Потому что зажатое между пальцами рубиновое кольцо, ярко отражающее жажду крови в моих глазах, — это обручальное кольцо Сикс.
ГЛАВА 47
Сикстайн
Узнав о предательстве Феникса, я держала себя в руках лишь до тех пор, пока он не покинул мою квартиру. Только тогда я сломалась. Слезы полились, не переставая, в течение трех дней. Как я ни старалась сдержать их, они свободно лились по щекам каждый раз, когда мои мысли возвращались к Фениксу.
А они часто возвращались к нему. Он постоянно занимал мои мысли, чему отчасти способствовали многочисленные сообщения, которые он присылал мне, и его тексты становились все более и более взволнованными с каждым, оставленным без ответа, пока я больше не могла этого выносить.
Устав видеть меня в клочьях и не имея возможности ничем помочь, Беллами наконец взяла мой телефон и заблокировала его. Потом они втроем пригласили меня на ужин с суши, где мы выпили слишком много саке.
Или, по крайней мере, некоторые из нас. Нера спотыкается, когда мы входим в квартиру, и ее нога задевает коврик.
— Осторожнее, — говорю я, подхватывая ее под локоть, пока она не рухнула на пол.

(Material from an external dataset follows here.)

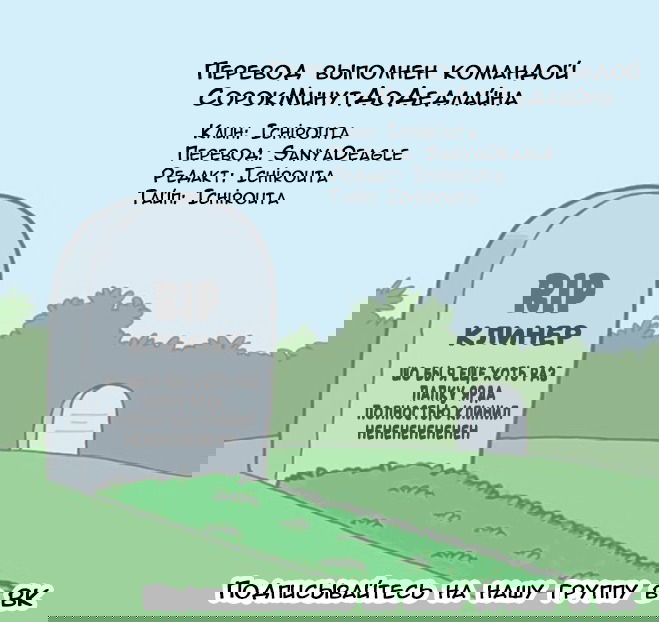 Манга Волшебник из другого мира не произносит заклинаний - Глава 2 Страница 24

— Спасибо, детка, ты лучшая. — Она говорит, приземляясь влажным поцелуем на мою щеку, и пьяно обхватывает меня за шею.
Она на полголовы выше меня, поэтому движение получилось немного неловким и заставило меня прижаться спиной к стене. Я не могу не хихикнуть, представляя, как мы, должно быть, смотримся, когда я с трудом удерживаю ее на ногах.
— Ты только что рассмеялась? — спрашивает Тайер, ее рот комично раскрывается. Она включает свет, заливая все вокруг ярким светом, пока мы устраиваемся на кухне.
— Я тоже это слышала. Можешь повторить это еще раз, чтобы мы убедились, что у нас не было галлюцинаций одновременно? — спрашивает Беллами, оттаскивая Неру от меня и помогая ей сесть.
Я улыбаюсь им, наливаю себе стакан воды и пью. Тайер огибает островок и подходит ко мне, обнимая меня.
— С тобой все будет хорошо, ты ведь знаешь это, правда? — говорит она, отстраняясь.
— Да.
— Что я тебе говорил о том, что ты должна носить свое кольцо? — леденящий душу голос раздается из темноты.
Мы все четверо вскрикиваем в унисон и оборачиваемся, чтобы увидеть, как Феникс выходит из тени, окутывающей его, на освещенное пространство кухни.
Его внезапное присутствие сталкивается со всеми моими недавно и небрежно построенными защитами, разрушая их одним лишь вопросом. Нервы подкатывают к горлу, терзания мучительно обхватывают сердце и сжимают его, а боль свинцом обволакивает язык, лишая меня голоса.
Я понятия не имею, что он здесь делает. У меня еще должно быть полнедели, чтобы взять себя в руки, пока он в Корее. Он не должен быть здесь.